[Supplied material — start]

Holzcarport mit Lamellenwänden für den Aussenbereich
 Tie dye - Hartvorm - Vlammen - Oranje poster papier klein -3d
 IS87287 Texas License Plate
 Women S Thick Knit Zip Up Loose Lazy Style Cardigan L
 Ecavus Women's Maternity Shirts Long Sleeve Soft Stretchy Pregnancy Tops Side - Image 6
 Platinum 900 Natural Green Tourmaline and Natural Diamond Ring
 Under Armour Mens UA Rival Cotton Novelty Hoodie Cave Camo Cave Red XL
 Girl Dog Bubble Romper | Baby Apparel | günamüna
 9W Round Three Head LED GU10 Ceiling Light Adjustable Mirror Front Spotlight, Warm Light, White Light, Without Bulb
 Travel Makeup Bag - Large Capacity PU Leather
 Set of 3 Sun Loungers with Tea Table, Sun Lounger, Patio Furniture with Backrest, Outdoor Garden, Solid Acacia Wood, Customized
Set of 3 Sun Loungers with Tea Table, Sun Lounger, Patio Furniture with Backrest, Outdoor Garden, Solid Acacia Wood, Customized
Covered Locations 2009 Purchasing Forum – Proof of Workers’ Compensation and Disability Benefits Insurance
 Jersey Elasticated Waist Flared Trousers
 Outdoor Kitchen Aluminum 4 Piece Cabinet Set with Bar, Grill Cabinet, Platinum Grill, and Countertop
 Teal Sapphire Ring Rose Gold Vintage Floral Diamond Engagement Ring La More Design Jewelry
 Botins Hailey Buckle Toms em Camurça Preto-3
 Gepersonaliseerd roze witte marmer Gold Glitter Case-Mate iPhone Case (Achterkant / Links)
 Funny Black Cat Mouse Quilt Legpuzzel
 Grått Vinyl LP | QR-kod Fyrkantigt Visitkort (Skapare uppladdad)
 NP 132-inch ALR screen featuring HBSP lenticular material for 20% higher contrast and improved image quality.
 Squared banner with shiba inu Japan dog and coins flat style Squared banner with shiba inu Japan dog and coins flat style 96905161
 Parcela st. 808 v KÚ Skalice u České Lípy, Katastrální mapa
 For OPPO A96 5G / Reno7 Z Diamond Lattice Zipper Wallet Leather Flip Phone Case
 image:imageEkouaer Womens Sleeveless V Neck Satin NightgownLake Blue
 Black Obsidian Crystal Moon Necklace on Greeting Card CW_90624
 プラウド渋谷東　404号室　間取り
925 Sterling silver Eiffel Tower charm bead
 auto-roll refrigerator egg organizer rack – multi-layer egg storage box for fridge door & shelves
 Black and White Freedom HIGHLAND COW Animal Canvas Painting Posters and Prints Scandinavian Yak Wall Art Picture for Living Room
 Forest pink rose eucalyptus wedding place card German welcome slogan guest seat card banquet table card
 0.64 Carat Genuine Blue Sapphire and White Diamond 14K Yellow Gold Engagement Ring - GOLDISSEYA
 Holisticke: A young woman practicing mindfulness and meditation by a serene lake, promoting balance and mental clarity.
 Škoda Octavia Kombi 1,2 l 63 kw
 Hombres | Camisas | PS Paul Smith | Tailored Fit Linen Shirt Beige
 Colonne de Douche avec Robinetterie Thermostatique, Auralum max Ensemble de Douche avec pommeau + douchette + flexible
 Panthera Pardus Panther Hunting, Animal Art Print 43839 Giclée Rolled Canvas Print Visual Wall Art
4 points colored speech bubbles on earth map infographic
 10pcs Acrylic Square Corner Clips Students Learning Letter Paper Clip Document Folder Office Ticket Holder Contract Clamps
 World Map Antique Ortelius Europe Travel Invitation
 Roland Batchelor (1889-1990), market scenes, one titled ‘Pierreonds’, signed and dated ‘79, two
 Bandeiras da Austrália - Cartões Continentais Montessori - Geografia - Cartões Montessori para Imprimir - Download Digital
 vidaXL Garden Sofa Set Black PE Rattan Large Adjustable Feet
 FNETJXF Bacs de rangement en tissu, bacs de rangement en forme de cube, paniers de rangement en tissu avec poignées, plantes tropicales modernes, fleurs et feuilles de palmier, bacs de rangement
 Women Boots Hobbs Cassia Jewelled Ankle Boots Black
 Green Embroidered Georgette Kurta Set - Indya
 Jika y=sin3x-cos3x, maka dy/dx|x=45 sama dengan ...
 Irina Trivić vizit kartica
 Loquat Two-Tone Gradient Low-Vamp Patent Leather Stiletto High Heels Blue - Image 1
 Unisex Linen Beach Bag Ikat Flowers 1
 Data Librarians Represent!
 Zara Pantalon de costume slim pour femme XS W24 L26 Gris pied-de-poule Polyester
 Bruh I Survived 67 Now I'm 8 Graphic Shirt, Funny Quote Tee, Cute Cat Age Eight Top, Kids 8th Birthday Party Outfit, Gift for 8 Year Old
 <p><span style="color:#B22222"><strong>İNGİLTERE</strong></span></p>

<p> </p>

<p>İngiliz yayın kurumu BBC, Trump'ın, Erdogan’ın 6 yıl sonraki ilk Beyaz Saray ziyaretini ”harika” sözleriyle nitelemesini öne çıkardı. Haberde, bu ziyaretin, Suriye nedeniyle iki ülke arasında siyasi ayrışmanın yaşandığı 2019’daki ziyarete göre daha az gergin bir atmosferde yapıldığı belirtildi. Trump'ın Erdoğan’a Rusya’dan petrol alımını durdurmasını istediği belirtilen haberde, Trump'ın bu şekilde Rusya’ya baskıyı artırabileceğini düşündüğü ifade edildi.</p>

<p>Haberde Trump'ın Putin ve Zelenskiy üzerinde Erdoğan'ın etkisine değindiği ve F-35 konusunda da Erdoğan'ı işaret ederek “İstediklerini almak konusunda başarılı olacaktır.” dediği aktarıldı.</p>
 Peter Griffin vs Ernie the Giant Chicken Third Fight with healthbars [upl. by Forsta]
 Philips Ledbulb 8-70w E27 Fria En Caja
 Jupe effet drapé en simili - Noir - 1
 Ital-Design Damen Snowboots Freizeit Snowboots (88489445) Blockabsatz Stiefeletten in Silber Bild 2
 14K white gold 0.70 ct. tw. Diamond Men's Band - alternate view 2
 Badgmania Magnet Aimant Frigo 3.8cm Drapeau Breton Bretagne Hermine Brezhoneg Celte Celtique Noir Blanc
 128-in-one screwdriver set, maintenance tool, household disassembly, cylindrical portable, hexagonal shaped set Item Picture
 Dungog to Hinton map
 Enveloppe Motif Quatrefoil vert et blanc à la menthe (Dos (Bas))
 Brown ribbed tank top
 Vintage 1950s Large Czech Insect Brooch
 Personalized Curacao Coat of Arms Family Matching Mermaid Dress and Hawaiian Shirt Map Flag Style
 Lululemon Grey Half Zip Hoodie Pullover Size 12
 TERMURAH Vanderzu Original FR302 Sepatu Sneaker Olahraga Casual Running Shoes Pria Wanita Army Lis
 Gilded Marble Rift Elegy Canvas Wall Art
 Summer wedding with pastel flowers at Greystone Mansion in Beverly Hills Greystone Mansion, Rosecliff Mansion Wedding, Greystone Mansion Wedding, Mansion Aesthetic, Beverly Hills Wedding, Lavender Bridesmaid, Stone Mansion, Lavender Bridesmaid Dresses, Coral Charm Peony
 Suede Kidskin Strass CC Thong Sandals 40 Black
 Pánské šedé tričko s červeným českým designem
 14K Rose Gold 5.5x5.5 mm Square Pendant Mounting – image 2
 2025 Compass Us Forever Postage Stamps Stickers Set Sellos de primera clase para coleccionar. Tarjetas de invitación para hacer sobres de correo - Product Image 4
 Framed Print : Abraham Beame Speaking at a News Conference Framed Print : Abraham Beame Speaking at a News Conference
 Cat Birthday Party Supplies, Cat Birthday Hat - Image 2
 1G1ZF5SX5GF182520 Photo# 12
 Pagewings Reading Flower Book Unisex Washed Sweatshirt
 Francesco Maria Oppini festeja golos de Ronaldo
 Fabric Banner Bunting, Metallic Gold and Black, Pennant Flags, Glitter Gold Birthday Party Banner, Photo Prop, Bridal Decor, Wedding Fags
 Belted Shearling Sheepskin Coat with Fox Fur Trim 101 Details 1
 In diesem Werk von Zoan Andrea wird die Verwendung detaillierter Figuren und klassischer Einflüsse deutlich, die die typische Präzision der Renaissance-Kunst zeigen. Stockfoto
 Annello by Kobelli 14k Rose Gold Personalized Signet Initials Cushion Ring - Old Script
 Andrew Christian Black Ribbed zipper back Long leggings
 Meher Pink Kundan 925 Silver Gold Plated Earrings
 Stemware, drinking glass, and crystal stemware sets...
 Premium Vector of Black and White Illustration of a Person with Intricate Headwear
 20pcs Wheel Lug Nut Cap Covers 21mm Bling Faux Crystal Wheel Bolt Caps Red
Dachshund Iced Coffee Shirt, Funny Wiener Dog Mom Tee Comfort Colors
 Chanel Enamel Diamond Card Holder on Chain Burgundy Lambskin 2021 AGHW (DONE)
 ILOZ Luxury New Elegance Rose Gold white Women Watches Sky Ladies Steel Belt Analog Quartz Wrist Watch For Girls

[Supplied material — finish]

**Task:** In the listing above, find the line containing "vidaXL Garden Sofa" and the line containing "Green Embroidered Georgette", then quote both, plus every line between them, exactly as written.

**Solution to this exercise:**
 vidaXL Garden Sofa Set Black PE Rattan Large Adjustable Feet
 FNETJXF Bacs de rangement en tissu, bacs de rangement en forme de cube, paniers de rangement en tissu avec poignées, plantes tropicales modernes, fleurs et feuilles de palmier, bacs de rangement
 Women Boots Hobbs Cassia Jewelled Ankle Boots Black
 Green Embroidered Georgette Kurta Set - Indya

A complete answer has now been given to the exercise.